- **Provided records**:
■ ■ ■ ■ ■ ■ ■
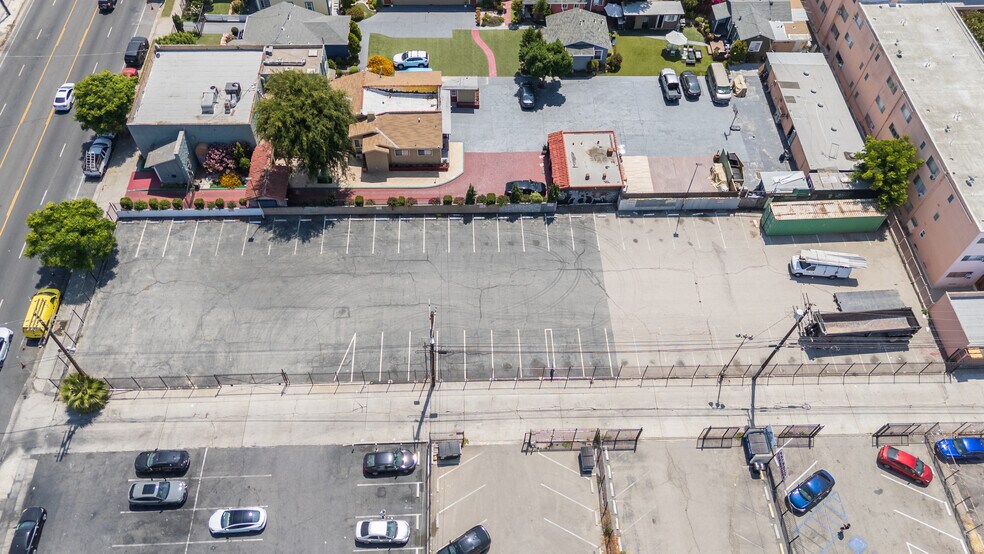 More Photos Of 14430 Vanowen St, Van Nuys Land For Sale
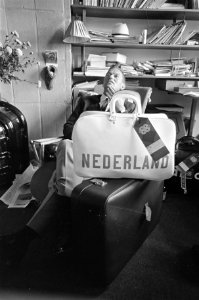 Trainer Wil Westphal van de atletiekploeg, bleef op het laatste moment thuis na , Bestanddeelnr 921-6996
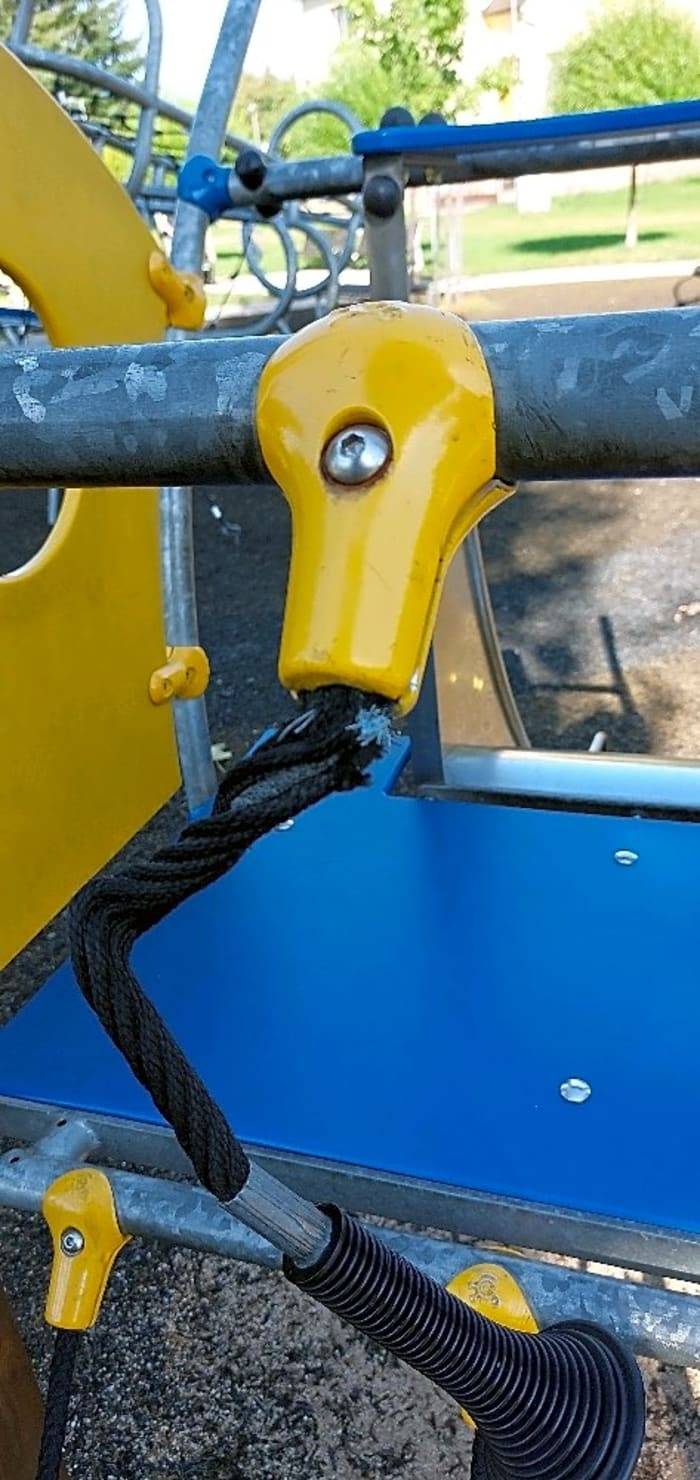 Dobrý den, 
3.10.2023 proběhla výměna madla.
Pěkný den přeje
Michaela Juránková Hrbková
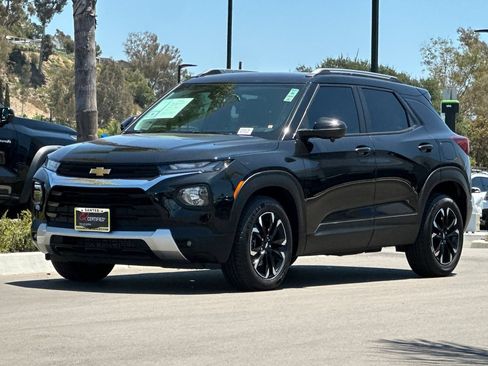 Used 2023 Chevrolet TrailBlazer LT FWD image 8
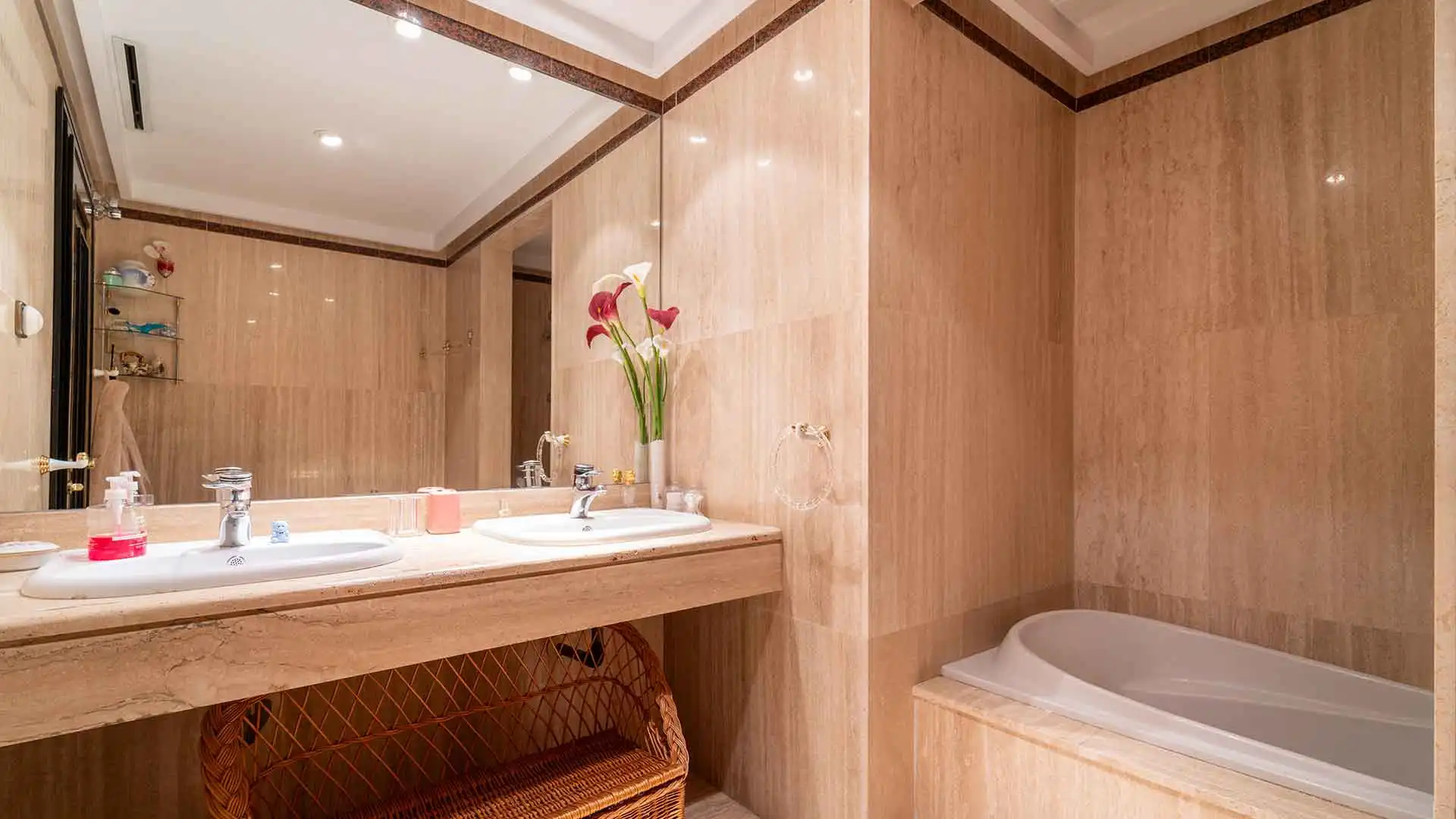 Baño de Apartamento en venta en Marbella con Aire acondicionado, Terraza y Trastero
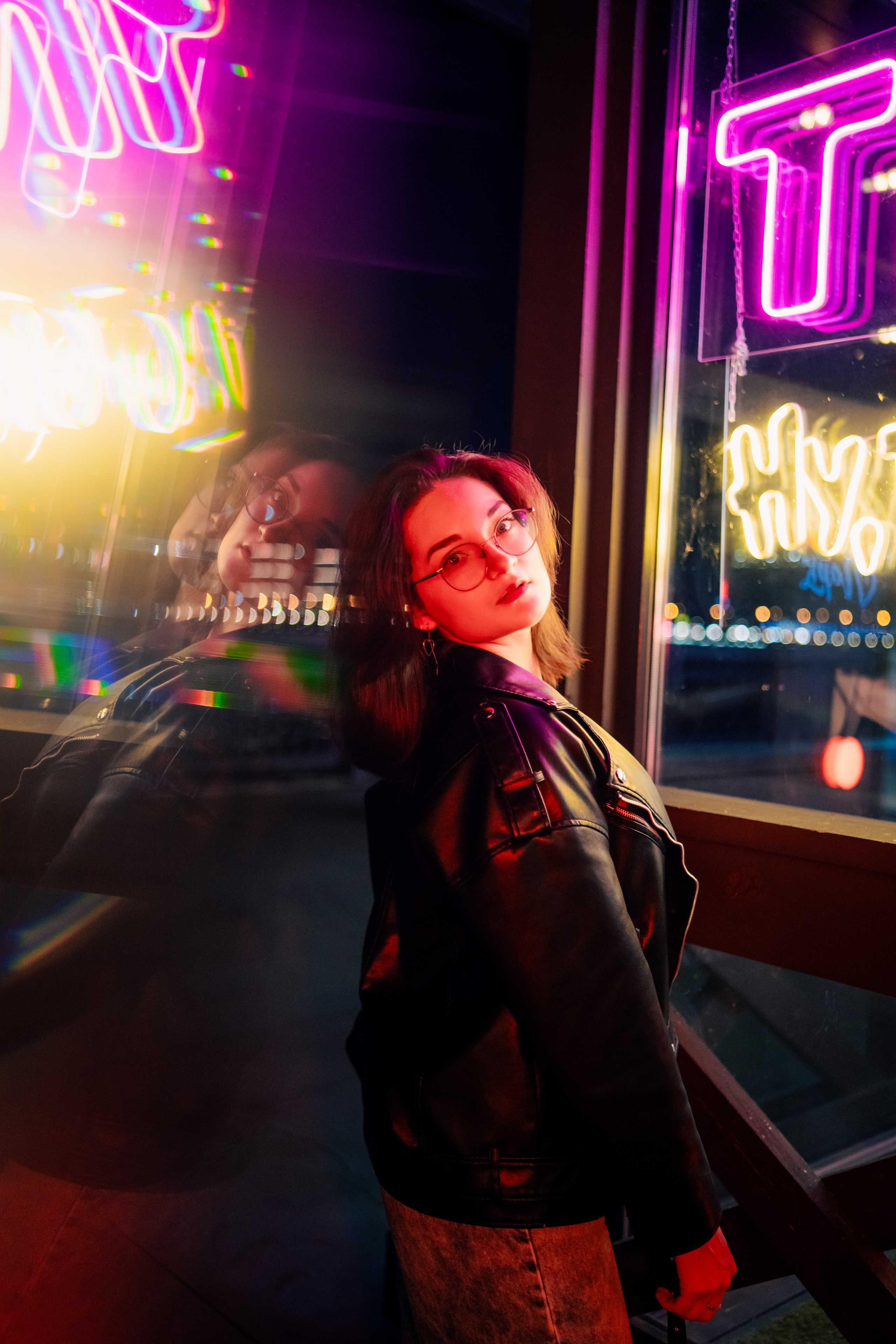 Юля | Палитра неоновых огней. Felixtones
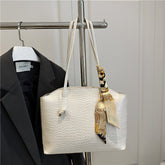 Fashion Casual Red Large Capacity Handbag - Rezaro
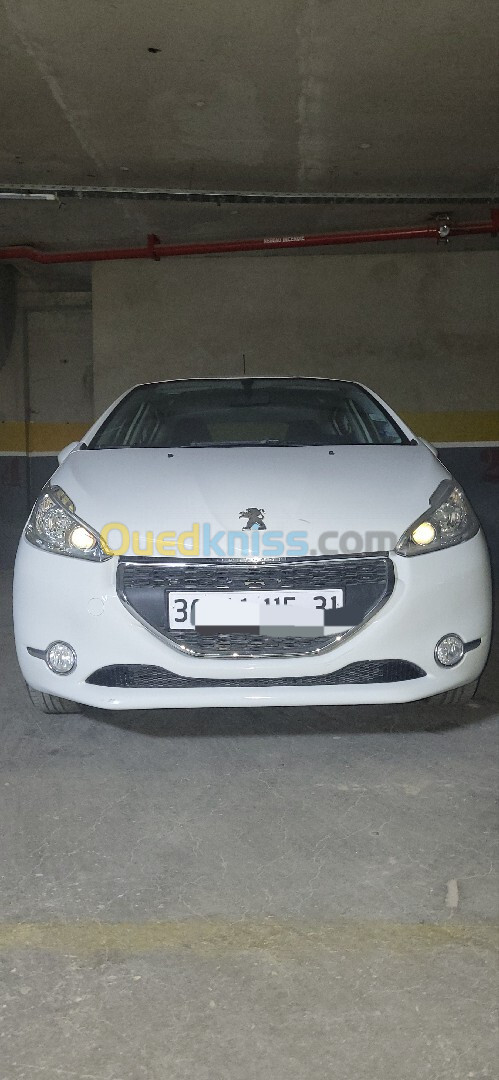 Peugeot 208 2015 Allure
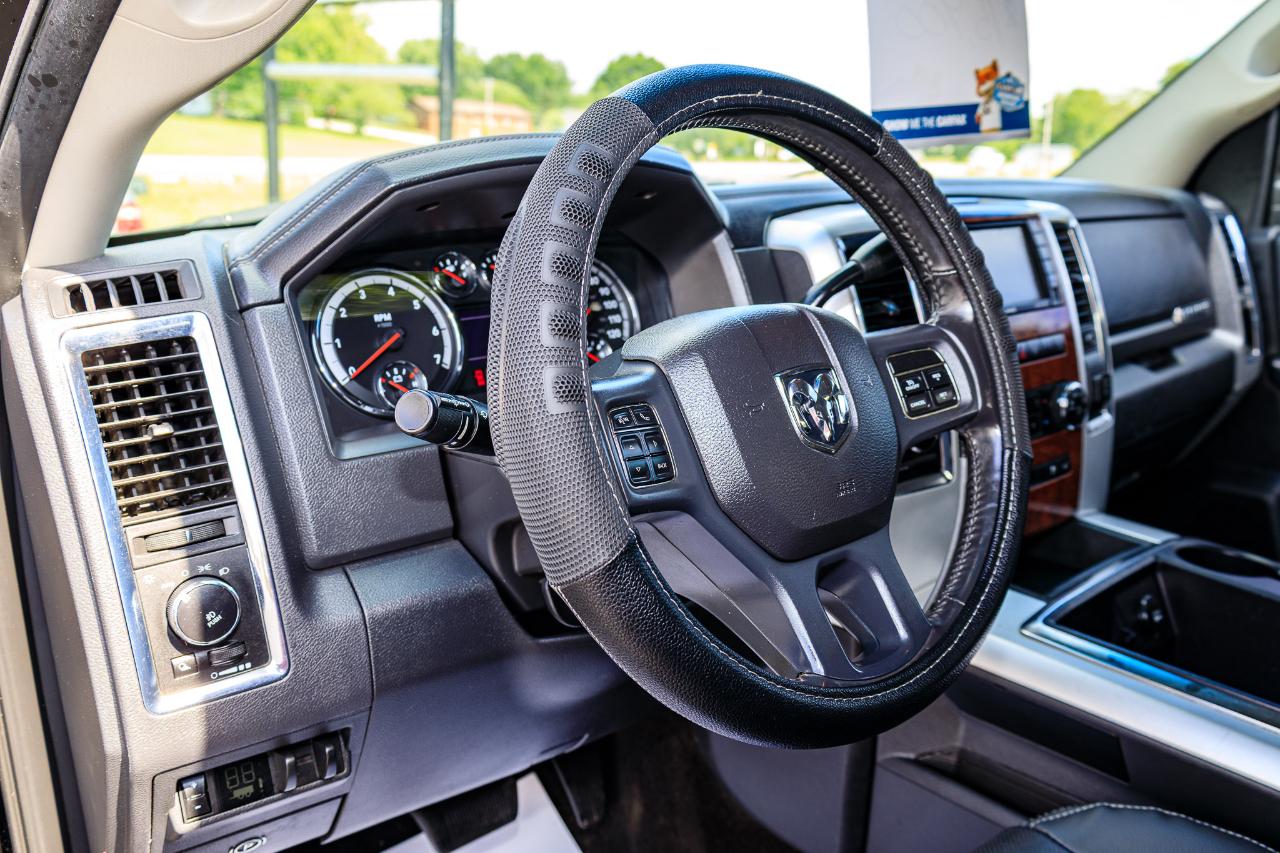 RAM 2500 Laramie Crew Cab SWB 4WD 2012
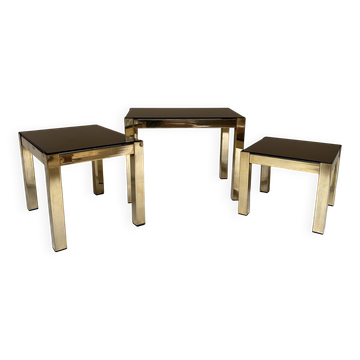 Set de trois tables d'appoint gigognes en laiton et miroir fumé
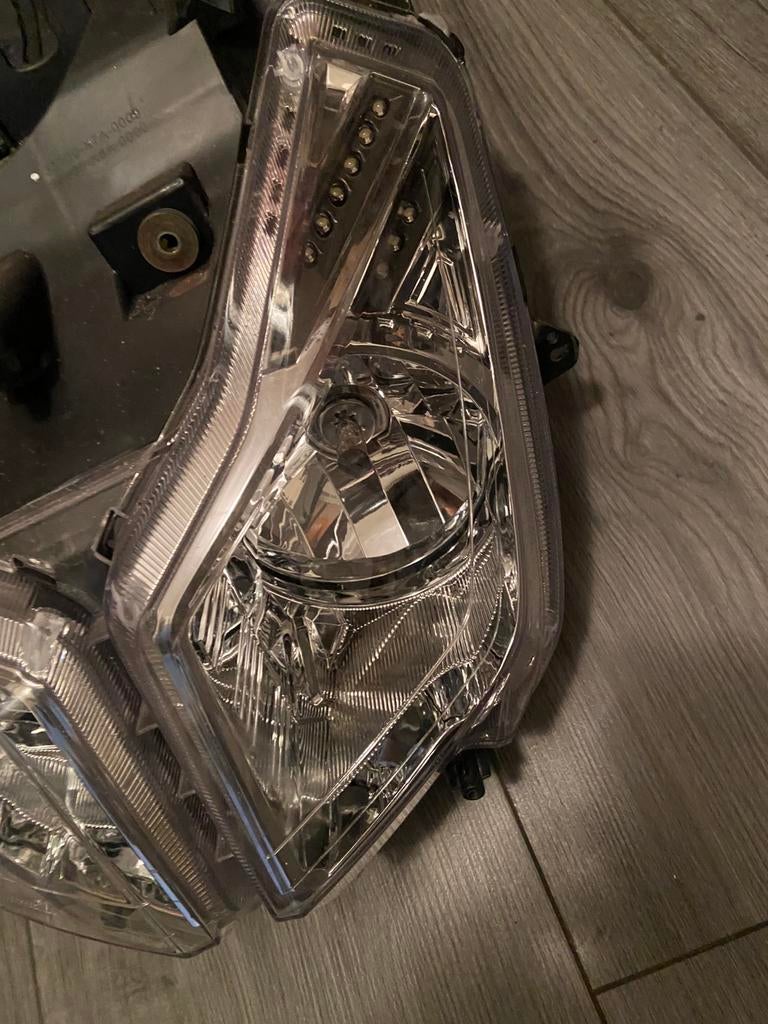 Sym jet 14 koplamp led E5 en E4, Fietsen en Brommers, Ophalen of Verzenden, Koplamp, Aprilia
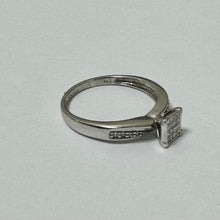 Load image into Gallery viewer, 10ct White Gold Diamond Ring With Diamonds on the Shoulders Ring Pre-Loved Ref PLR104
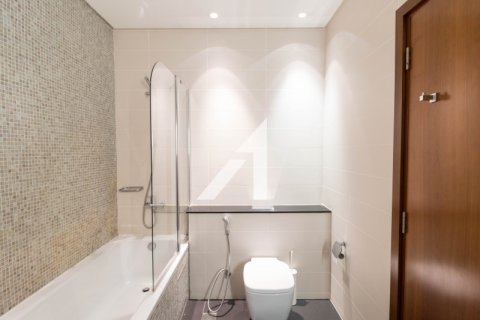 Apartment in DIFC, Dubai, UAE 1 bedroom, 104.3 sq.m. № 647447 - photo 12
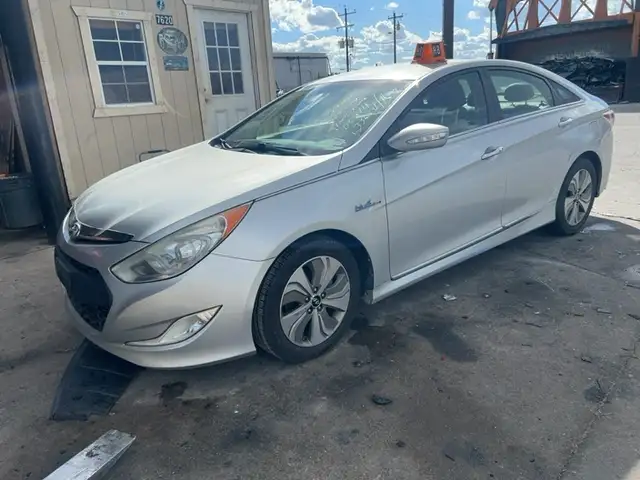 Photo of 2013 Hyundai Sonata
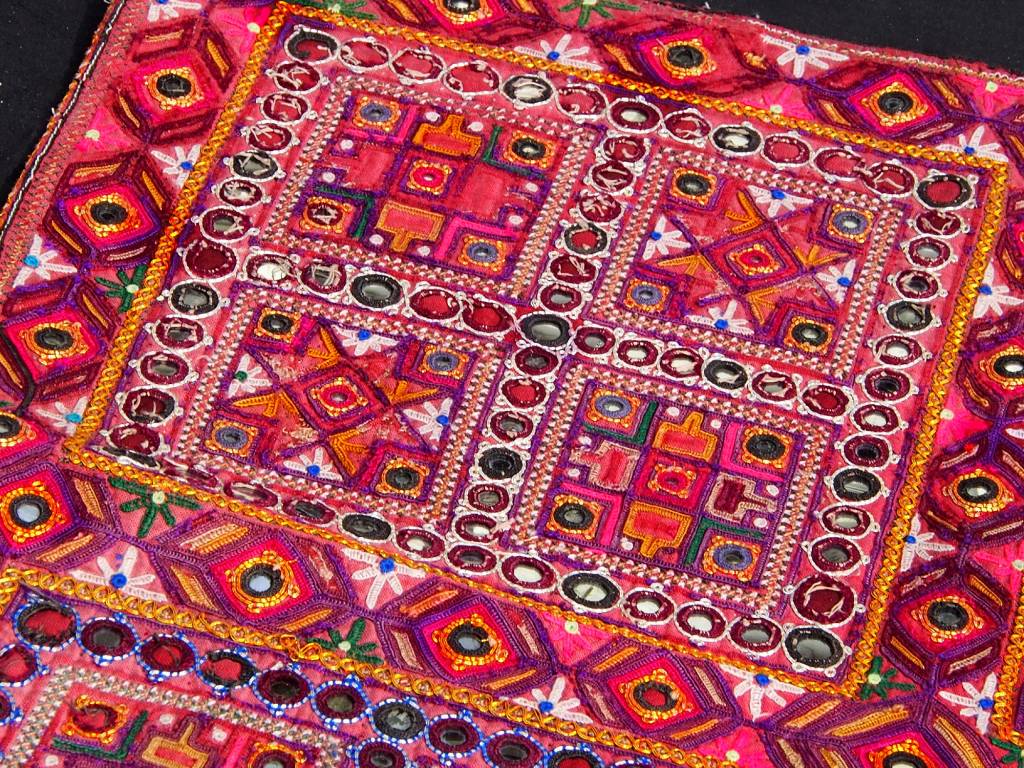 antique  Sindhi silk embroidery    No:18/18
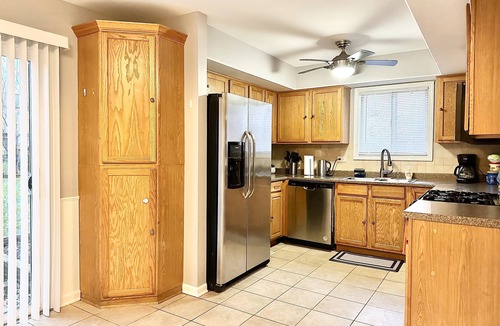 Fox Valley House | Fast Wi-Fi/Comfy beds/Free parking/3bdr house/4TVs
■ ■ ■ ■ ■ ■ ■
Word-for-word restatement: every line from the one with "Peugeot 208 2015 Allure" through the final line of the data, both ends included, pictures excluded.

- **Task response**:
 Peugeot 208 2015 Allure
 RAM 2500 Laramie Crew Cab SWB 4WD 2012
 Set de trois tables d'appoint gigognes en laiton et miroir fumé
 Sym jet 14 koplamp led E5 en E4, Fietsen en Brommers, Ophalen of Verzenden, Koplamp, Aprilia
 Load image into Gallery viewer, 10ct White Gold Diamond Ring With Diamonds on the Shoulders Ring Pre-Loved Ref PLR104
 Apartment in DIFC, Dubai, UAE 1 bedroom, 104.3 sq.m. № 647447 - photo 12
 Photo of 2013 Hyundai Sonata
 antique  Sindhi silk embroidery    No:18/18
 Fox Valley House | Fast Wi-Fi/Comfy beds/Free parking/3bdr house/4TVs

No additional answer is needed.